**INPUT DATA**
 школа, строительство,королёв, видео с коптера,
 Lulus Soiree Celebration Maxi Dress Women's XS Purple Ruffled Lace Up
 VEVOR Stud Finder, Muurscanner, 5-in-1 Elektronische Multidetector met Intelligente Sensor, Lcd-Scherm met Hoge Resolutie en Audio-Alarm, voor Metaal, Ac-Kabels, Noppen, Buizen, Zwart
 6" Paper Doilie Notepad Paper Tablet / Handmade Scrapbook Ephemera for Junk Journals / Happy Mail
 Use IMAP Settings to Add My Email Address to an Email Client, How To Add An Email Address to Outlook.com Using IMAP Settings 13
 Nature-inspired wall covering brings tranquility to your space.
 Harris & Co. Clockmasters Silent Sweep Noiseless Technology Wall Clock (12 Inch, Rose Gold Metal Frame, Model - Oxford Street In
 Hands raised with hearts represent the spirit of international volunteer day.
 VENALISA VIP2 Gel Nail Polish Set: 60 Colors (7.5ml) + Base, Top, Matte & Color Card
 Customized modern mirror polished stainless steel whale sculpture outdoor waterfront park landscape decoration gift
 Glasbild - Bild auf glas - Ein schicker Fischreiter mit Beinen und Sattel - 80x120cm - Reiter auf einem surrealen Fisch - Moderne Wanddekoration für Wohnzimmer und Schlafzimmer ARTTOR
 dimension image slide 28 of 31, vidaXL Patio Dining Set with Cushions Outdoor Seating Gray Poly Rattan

**THE PROBLEM**
Here the job is to set down exactly the lines of the material above that fall between the one with "Nature-inspired wall covering" and the one with "VENALISA VIP2 Gel", inclusive, and nothing beyond them.

**WRITTEN SOLUTION**
 Nature-inspired wall covering brings tranquility to your space.
 Harris & Co. Clockmasters Silent Sweep Noiseless Technology Wall Clock (12 Inch, Rose Gold Metal Frame, Model - Oxford Street In
 Hands raised with hearts represent the spirit of international volunteer day.
 VENALISA VIP2 Gel Nail Polish Set: 60 Colors (7.5ml) + Base, Top, Matte & Color Card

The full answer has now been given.